Question 2 - A-Level Maths

OCR MEI C4 — Question 2 18 marks

Exam Board	OCR MEI
Module	C4 (Core Mathematics 4)
Marks	18
Paper	Download PDF ↗
Mark scheme	Download PDF ↗
Topic	Differential equations
Type	Separable variables - standard (applied/contextual)
Difficulty	Standard +0.3 This is a structured, heavily scaffolded differential equations question where students are guided through each step with 'show that' prompts. Parts (i)-(iii) involve standard chain rule and separation of variables. Parts (iv)-(vi) require more careful algebraic manipulation and interpretation, but the algebraic identity in (v) is given to help with integration. While it's a longer question requiring sustained work, the scaffolding and standard techniques make it slightly easier than average for A-level.
Spec	1.07b Gradient as rate of change: dy/dx notation 1.08k Separable differential equations: dy/dx = f(x)g(y)

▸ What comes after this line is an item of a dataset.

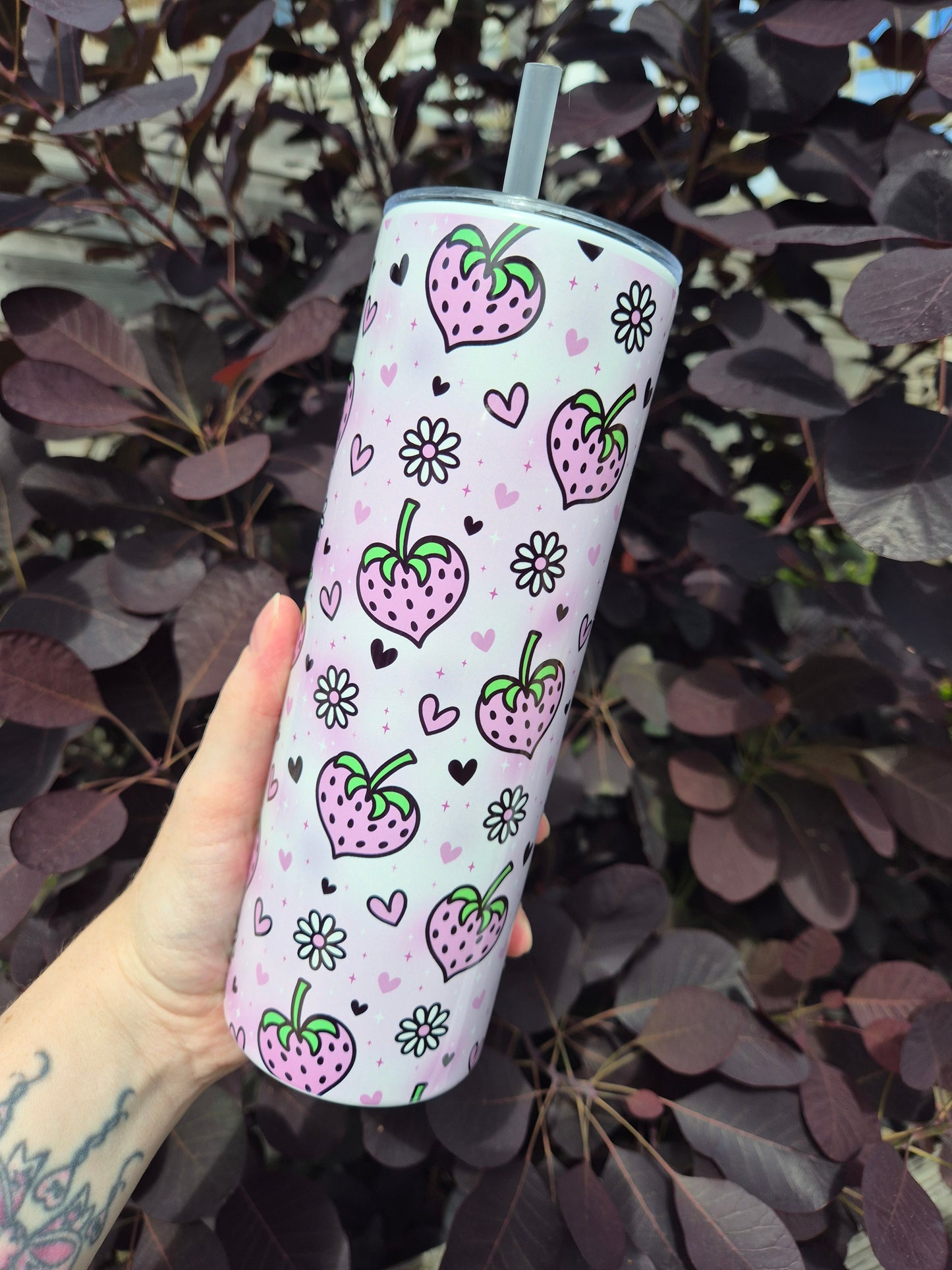 Strawberry Hearts 15oz & 20oz Tumbler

2 Water is leaking from a container. After $t$ seconds, the depth of water in the container is $x \mathrm {~cm}$, and the volume of water is $V \mathrm {~cm} ^ { 3 }$, where $V = \frac { 1 } { 3 } x ^ { 3 }$. The rate at which water is lost is proportional to $x$, so that $\frac { \mathrm { d } V } { \mathrm {~d} t } = - k x$, where $k$ is a constant.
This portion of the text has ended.